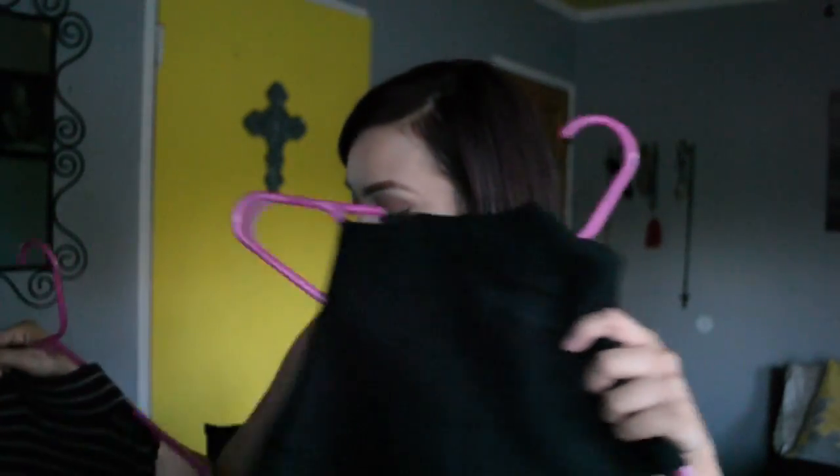This was $1.98, so that's a really good deal. It's basic, it's cute — really good for two dollars.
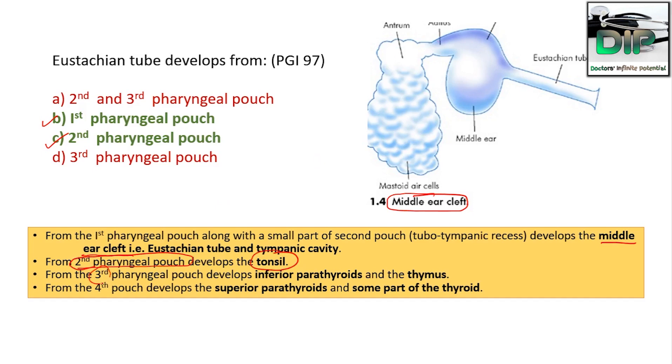From the second pharyngeal pouch, the palatine tonsil develops. From the third pharyngeal pouch, the inferior parathyroid and thymus develop. From the fourth pouch, the superior parathyroid and some part of the thyroid develop.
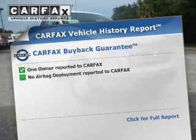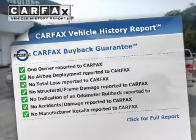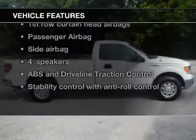This vehicle comes with a Carfax report, which reduces your buying risk by providing the vehicle's history before you purchase. And with these notable features, you won't want to miss out on the opportunity to own this amazing ride.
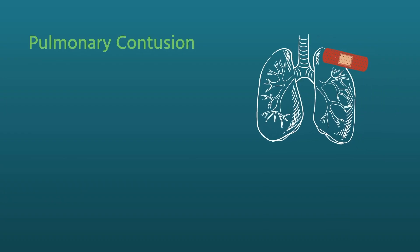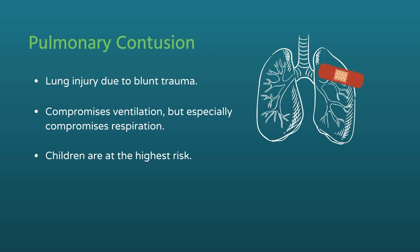This particular injury compromises ventilation to a certain degree, but more than anything else, it also compromises respiration. You see this happen more dramatically with children than with adults, because kids don't have very strong ribcages — they tend to bend more than they break. They don't have a lot of musculature, and any blunt chest injury to a child allows more energy to get into the chest and impart that energy into the lungs.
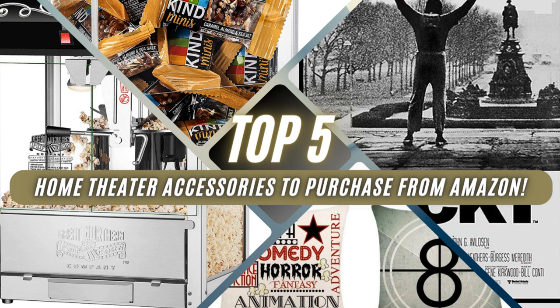Hey, this is Tyler Theater Design Company. We're gonna do our top five favorite Amazon home theater accessories. These are items that we've either used, sold, or recommended to customers — these will be the top five ones.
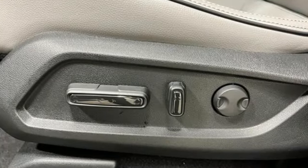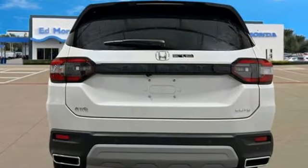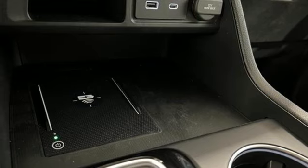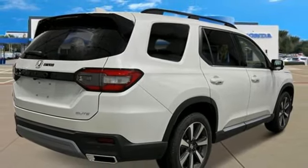Automatic transmission, heated and ventilated leather bucket seats, integrated navigation system with voice activation, steering assist cruise control, dual zone climate control, Wi-Fi hotspot, streaming audio, hands-free liftgate, memory exterior door mirror settings, and V6 engine.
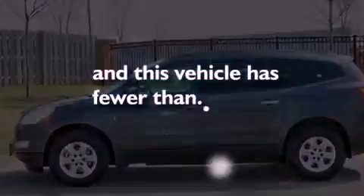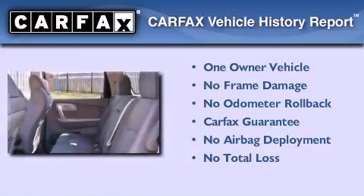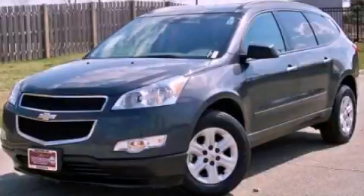This vehicle has fewer than 41,000 miles on the odometer. This Chevrolet has had only one owner and it qualifies for the Carfax buyback guarantee. Call or visit us right now and arrange your test drive today.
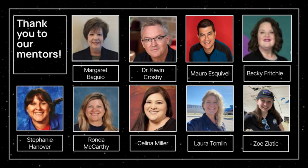Special thanks to all that have helped us with this project. We deeply appreciate the support of Laura Tomlin, Selena Miller, Mario Esquivo, Margaret Baggio, Zoe Sladek, Nikki Fretchi, Dr. Kevin Crosby, Stephanie Hanover, and the entire SEAS program and the University of Texas at Austin.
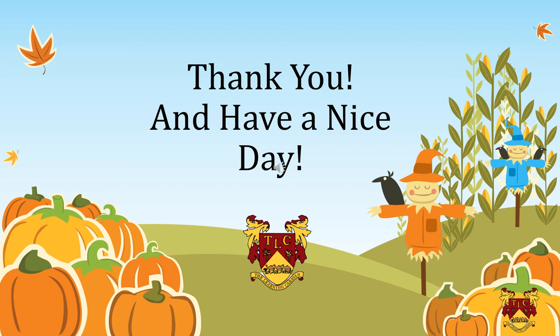So my dear students, I hope you enjoyed the story. I would like to thank you for listening to the story carefully and I wish you all the best. Have a nice day. Take care, bye-bye.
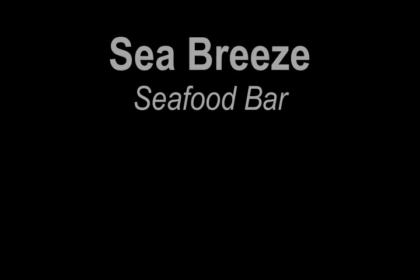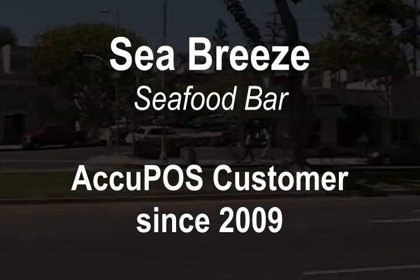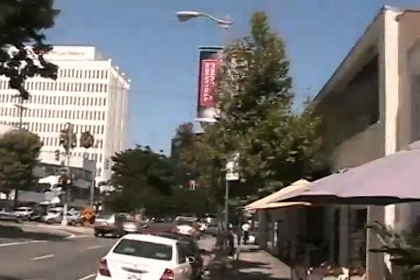Hi, my name is Hagai. I've been a customer of Occupy since 2009.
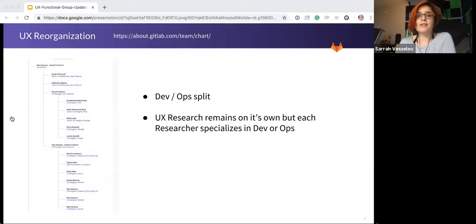So you may have noticed the UX team is growing quite a bit, as with the rest of GitLab, and the UX department is undergoing a reorganization soon. The current structure — if you want to get out your magnifying glass or click on the link — right now we have a dev/ops split, and research remains on its own, but each of the researchers specialize in a particular area.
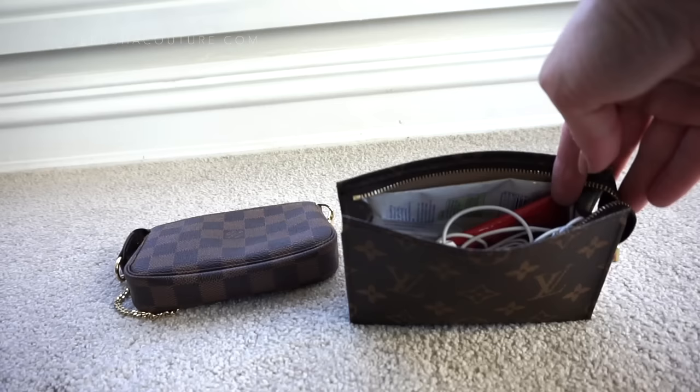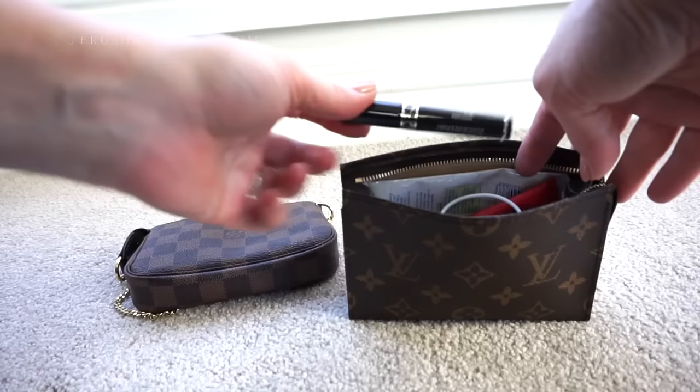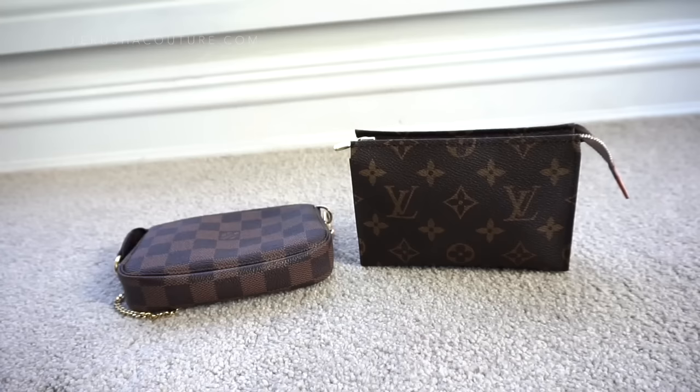I put the exact same daily items inside the toiletry to compare. It holds everything and because the dimensions are slightly bigger I can squeeze in a little more — like a sample lipstick, a sample mascara, and another lip pencil. So I can fit a bit more in the toiletry on a daily basis as a necessity pouch than in the mini pochette.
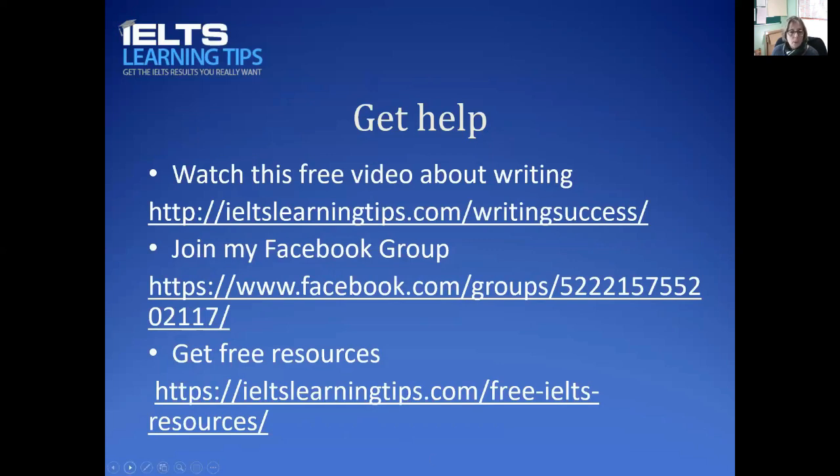I hope that was helpful — it was a quick romp through what you need to do, but it's really important that you do those things. Thank you for watching. I hope to see you in the Facebook group and on my website so I can send you more tips and advice. See you in the next video!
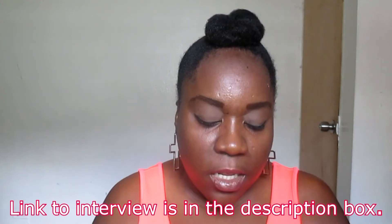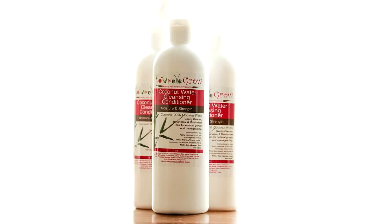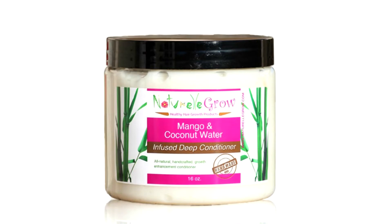For this wash day I tried out two new products, both from the brand Natural Grow. They sent me products after I did an interview with the owner, Renee — she's a really nice lady. They use natural products in all of their hair products. They sent me the coconut water cleansing conditioner and also the mango and coconut water infused deep conditioner. I can't really show you the labels because I got them wet and the labels started to bleed.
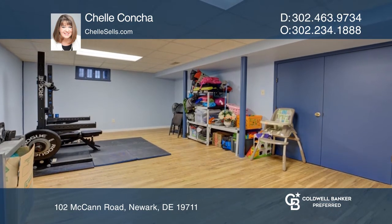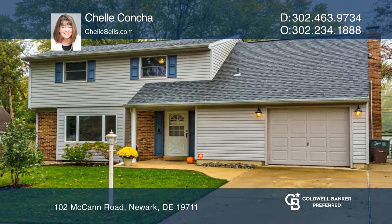Looking for your dream home? Shell Concha would love to help you out. Call today.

══════

Every line of the listing above is to be repeated exactly, with its pictures left out.

This was $1.98, so that's a really good deal. It's basic, it's cute — really good for two dollars.
From the second pharyngeal pouch, the palatine tonsil develops. From the third pharyngeal pouch, the inferior parathyroid and thymus develop. From the fourth pouch, the superior parathyroid and some part of the thyroid develop.
This vehicle comes with a Carfax report, which reduces your buying risk by providing the vehicle's history before you purchase. And with these notable features, you won't want to miss out on the opportunity to own this amazing ride.
This particular injury compromises ventilation to a certain degree, but more than anything else, it also compromises respiration. You see this happen more dramatically with children than with adults, because kids don't have very strong ribcages — they tend to bend more than they break. They don't have a lot of musculature, and any blunt chest injury to a child allows more energy to get into the chest and impart that energy into the lungs.
Hey, this is Tyler Theater Design Company. We're gonna do our top five favorite Amazon home theater accessories. These are items that we've either used, sold, or recommended to customers — these will be the top five ones.
Automatic transmission, heated and ventilated leather bucket seats, integrated navigation system with voice activation, steering assist cruise control, dual zone climate control, Wi-Fi hotspot, streaming audio, hands-free liftgate, memory exterior door mirror settings, and V6 engine.
This vehicle has fewer than 41,000 miles on the odometer. This Chevrolet has had only one owner and it qualifies for the Carfax buyback guarantee. Call or visit us right now and arrange your test drive today.
Special thanks to all that have helped us with this project. We deeply appreciate the support of Laura Tomlin, Selena Miller, Mario Esquivo, Margaret Baggio, Zoe Sladek, Nikki Fretchi, Dr. Kevin Crosby, Stephanie Hanover, and the entire SEAS program and the University of Texas at Austin.
So my dear students, I hope you enjoyed the story. I would like to thank you for listening to the story carefully and I wish you all the best. Have a nice day. Take care, bye-bye.
Hi, my name is Hagai. I've been a customer of Occupy since 2009.
So you may have noticed the UX team is growing quite a bit, as with the rest of GitLab, and the UX department is undergoing a reorganization soon. The current structure — if you want to get out your magnifying glass or click on the link — right now we have a dev/ops split, and research remains on its own, but each of the researchers specialize in a particular area.
I put the exact same daily items inside the toiletry to compare. It holds everything and because the dimensions are slightly bigger I can squeeze in a little more — like a sample lipstick, a sample mascara, and another lip pencil. So I can fit a bit more in the toiletry on a daily basis as a necessity pouch than in the mini pochette.
I hope that was helpful — it was a quick romp through what you need to do, but it's really important that you do those things. Thank you for watching. I hope to see you in the Facebook group and on my website so I can send you more tips and advice. See you in the next video!
For this wash day I tried out two new products, both from the brand Natural Grow. They sent me products after I did an interview with the owner, Renee — she's a really nice lady. They use natural products in all of their hair products. They sent me the coconut water cleansing conditioner and also the mango and coconut water infused deep conditioner. I can't really show you the labels because I got them wet and the labels started to bleed.
Looking for your dream home? Shell Concha would love to help you out. Call today.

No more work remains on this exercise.